_RECORDS FOR THIS EXERCISE_

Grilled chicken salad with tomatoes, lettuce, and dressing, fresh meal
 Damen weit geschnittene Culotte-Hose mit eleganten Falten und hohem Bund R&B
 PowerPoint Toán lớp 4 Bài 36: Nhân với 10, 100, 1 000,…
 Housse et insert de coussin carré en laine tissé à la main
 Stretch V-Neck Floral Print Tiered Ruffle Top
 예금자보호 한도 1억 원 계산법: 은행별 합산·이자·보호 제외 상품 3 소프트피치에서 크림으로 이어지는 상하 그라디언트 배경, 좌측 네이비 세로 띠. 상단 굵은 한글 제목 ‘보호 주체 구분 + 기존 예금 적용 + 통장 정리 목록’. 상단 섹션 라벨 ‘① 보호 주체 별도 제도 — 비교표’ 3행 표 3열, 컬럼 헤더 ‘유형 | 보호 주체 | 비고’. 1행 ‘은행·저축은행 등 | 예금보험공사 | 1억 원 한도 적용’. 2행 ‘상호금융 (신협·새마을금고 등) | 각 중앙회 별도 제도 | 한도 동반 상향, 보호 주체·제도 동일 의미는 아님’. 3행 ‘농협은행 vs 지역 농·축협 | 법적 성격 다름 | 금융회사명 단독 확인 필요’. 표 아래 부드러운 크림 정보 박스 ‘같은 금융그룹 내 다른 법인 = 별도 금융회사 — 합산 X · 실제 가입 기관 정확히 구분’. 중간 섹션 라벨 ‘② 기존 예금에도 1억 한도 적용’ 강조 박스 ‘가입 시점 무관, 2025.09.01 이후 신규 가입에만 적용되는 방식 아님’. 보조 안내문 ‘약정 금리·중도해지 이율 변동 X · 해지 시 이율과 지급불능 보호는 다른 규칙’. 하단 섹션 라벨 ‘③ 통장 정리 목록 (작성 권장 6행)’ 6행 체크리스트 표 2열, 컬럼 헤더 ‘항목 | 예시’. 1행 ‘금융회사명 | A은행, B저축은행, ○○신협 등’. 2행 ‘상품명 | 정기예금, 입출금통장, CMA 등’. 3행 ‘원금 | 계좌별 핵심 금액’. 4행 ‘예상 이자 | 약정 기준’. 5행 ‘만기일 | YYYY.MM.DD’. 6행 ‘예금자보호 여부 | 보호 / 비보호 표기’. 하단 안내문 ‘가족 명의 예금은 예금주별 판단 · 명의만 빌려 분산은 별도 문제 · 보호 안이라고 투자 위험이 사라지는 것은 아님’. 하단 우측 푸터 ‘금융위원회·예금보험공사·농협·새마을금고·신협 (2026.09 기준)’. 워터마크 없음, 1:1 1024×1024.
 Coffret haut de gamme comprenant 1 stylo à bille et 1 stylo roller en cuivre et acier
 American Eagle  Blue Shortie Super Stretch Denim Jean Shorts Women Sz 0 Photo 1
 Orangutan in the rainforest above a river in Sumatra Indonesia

_YOUR OBJECTIVE_
Write down again the exact lines running from the beginning of the data to the line containing "Stretch V-Neck Floral", with both ends included.

_RESPONSE AREA_
Grilled chicken salad with tomatoes, lettuce, and dressing, fresh meal
 Damen weit geschnittene Culotte-Hose mit eleganten Falten und hohem Bund R&B
 PowerPoint Toán lớp 4 Bài 36: Nhân với 10, 100, 1 000,…
 Housse et insert de coussin carré en laine tissé à la main
 Stretch V-Neck Floral Print Tiered Ruffle Top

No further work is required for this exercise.